The chosen people had to learn how to be humble people, Long says. Americans face the same test today.

"The challenge for every faith tradition is going to be helping people grieve the loss of an image of America that they once had," he says, "and acquire a modern understanding of ourselves on the world's stage."

2: The re-emergence of "Christo-Americanism."

Before 9/11, if you asked the average American about Ramadan or sharia law, they probably would have given you a blank look.

Not anymore. The 9/11 attacks prompted more Americans to learn about Islam. Books on the subject became best-sellers. Colleges started offering more courses on Islam. Every cable news show suddenly had their stable of "Muslim experts."

More Americans know about Islam than ever before, but that hasn't stopped the post-9/11 Muslim backlash. The outrage over plans to build an Islamic prayer and community center near ground zero; the pastor who threatened to burn the Quran; conservative Christian leaders who called Islam evil - all occurred as knowledge of Islam spread throughout America, scholars says.

"One of the sobering lessons of the decade since 9/11 is that religious prejudice is not always rooted in raw ignorance," says Thomas Kidd, author of "American Christians and Islam."

"Some of America's most vociferous anti-Muslim critics know quite a lot about Muslim beliefs, but they often use their knowledge to construe Islam in the worst possible light."

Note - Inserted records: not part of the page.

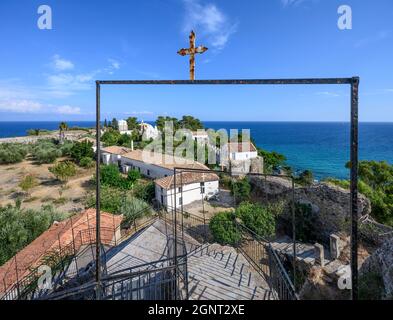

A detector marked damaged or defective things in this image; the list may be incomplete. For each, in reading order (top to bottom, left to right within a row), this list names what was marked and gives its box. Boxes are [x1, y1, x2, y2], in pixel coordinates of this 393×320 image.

rusty metal cross [178, 30, 208, 80]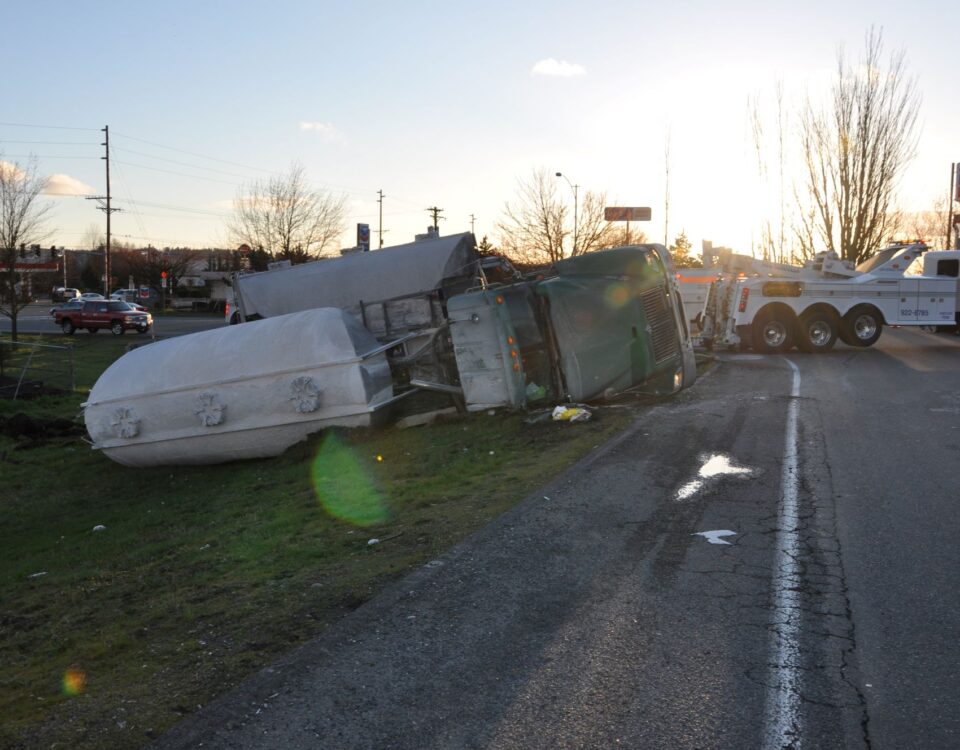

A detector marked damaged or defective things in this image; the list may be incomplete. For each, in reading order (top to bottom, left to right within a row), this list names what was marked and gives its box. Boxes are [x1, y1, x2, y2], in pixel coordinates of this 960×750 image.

overturned semi-truck [82, 238, 692, 468]
damaged truck cab [450, 245, 696, 412]
cracked asphalt road [154, 328, 960, 750]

Many of these public attacks against Islam were encouraged by conservative Christian leaders such as Rev. Franklin Graham, the son of Rev. Billy Graham, who called Islam "wicked," and Pat Robertson, the Christian broadcaster who declared that "Islam is not a religion," says Charles Kammer, a religion professor at the College of Wooster in Ohio.

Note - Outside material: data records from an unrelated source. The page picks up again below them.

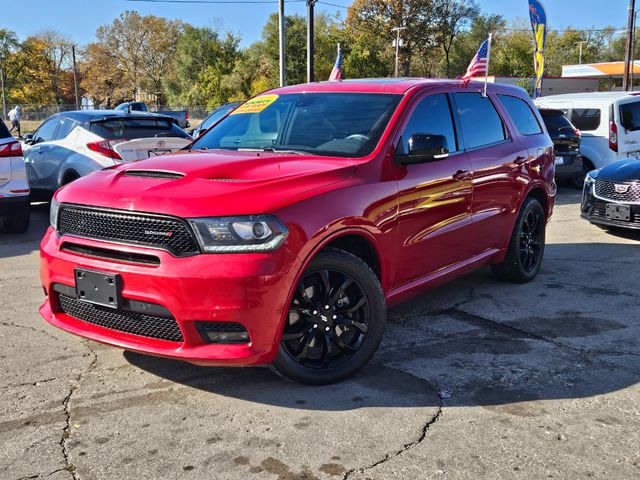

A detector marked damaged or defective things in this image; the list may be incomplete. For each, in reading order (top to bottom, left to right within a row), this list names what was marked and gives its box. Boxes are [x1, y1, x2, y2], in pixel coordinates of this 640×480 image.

cracked asphalt [1, 188, 640, 480]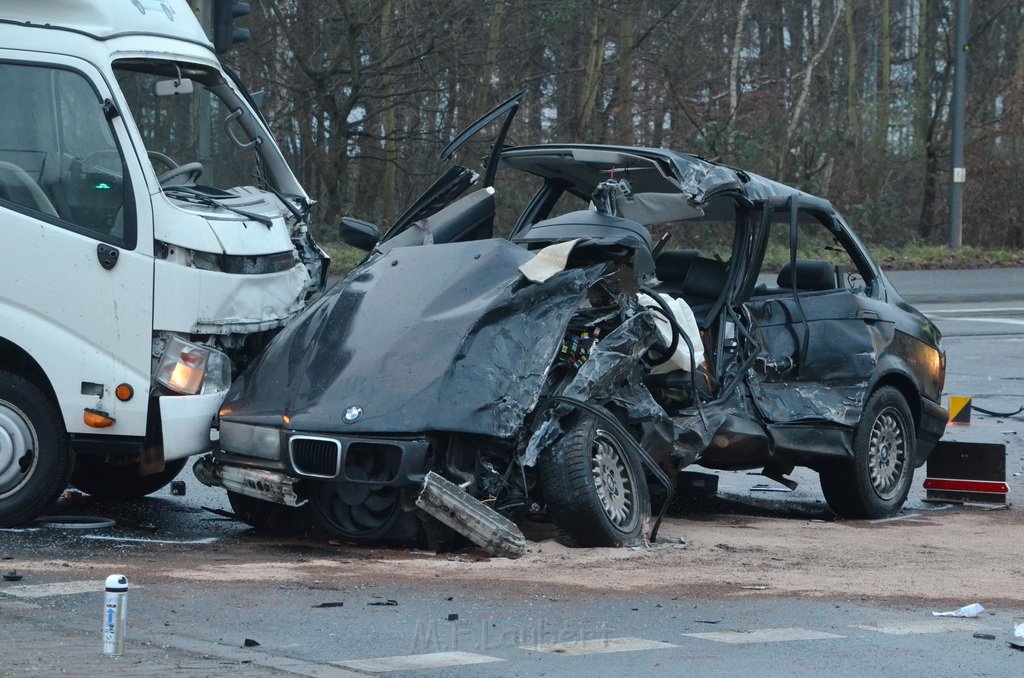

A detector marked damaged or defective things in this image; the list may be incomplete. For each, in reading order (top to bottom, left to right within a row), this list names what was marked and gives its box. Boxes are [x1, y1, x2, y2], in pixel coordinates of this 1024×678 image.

crumpled hood [220, 238, 598, 438]
wrecked dark car [192, 91, 942, 557]
broken plastic trim [540, 395, 675, 544]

Kammer says Graham and Robertson helped fuel the rise of "Christo-Americanism," a distorted form of Christianity that blends nationalism, conservative paranoia and Christian rhetoric.

"A segment of the religious community in the United States has been at the forefront of an anti-Islamic crusade that has helped to generate a climate of hatred and distrust toward all Muslims," says Kammer.

Other strains of Christo-Americanism have swept through America before.

After 9/11, some political leaders said terrorists hated the U.S. because of "our freedoms." But America's record on granting those freedoms to its citizens is mixed, says Lynn Neal, co-editor of the book, "Religious Intolerance in America."

In the 19th century, the U.S government passed numerous laws preventing Native American tribes from practicing their religion. Mormons were persecuted. Roman Catholics were once described as disloyal, sexual deviants, Neal says.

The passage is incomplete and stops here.